#### What is needed
From the listing below, reproduce exactly the lines starting with the one with "Italian Ceramic Rooster" and going on through the one with "ENSO7 — courtyard lounge with bonsai garden", both ends kept. No picture is copied.

#### Entries shown
'''

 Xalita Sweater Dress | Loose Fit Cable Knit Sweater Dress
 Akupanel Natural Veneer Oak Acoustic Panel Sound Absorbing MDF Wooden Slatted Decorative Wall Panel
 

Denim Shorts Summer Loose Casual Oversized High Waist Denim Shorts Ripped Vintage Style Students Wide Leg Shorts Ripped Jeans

'''
'''

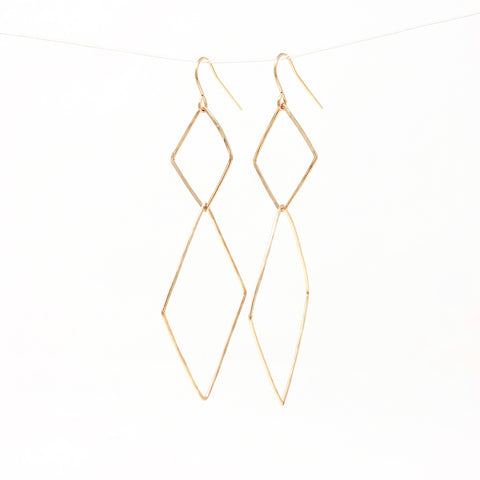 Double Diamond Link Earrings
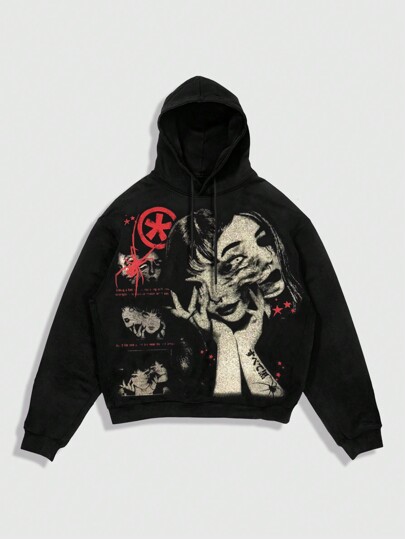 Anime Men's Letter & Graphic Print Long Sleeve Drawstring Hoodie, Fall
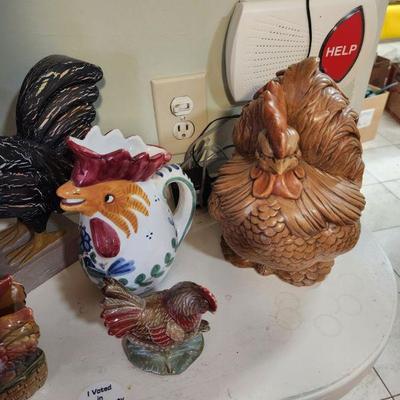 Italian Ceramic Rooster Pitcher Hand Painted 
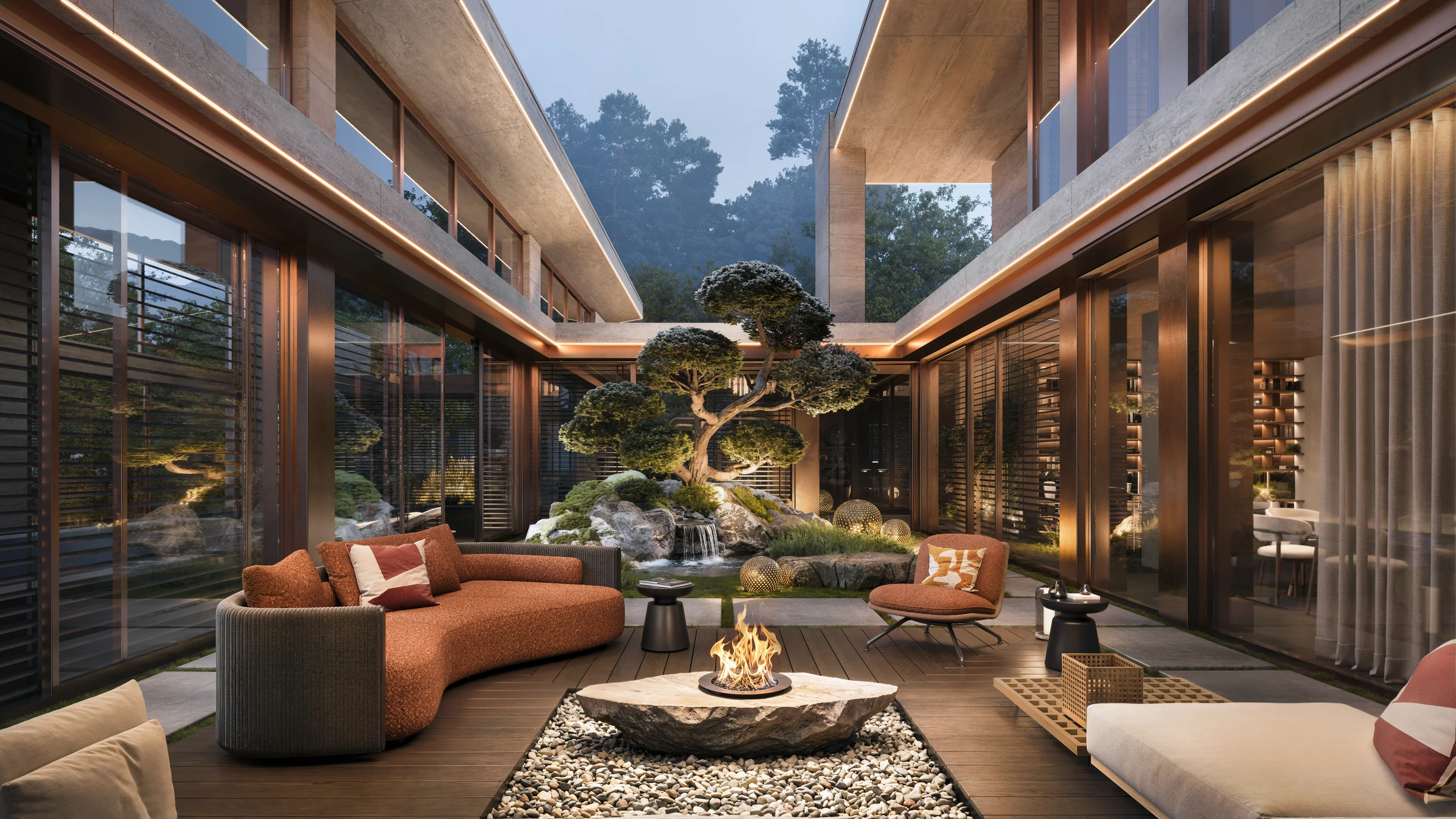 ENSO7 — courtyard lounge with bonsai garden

'''
'''

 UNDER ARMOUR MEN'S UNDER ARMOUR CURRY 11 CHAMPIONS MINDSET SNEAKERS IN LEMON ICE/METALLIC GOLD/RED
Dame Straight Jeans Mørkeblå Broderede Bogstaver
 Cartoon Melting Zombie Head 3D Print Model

'''

#### Exercise answer
 Italian Ceramic Rooster Pitcher Hand Painted 
 ENSO7 — courtyard lounge with bonsai garden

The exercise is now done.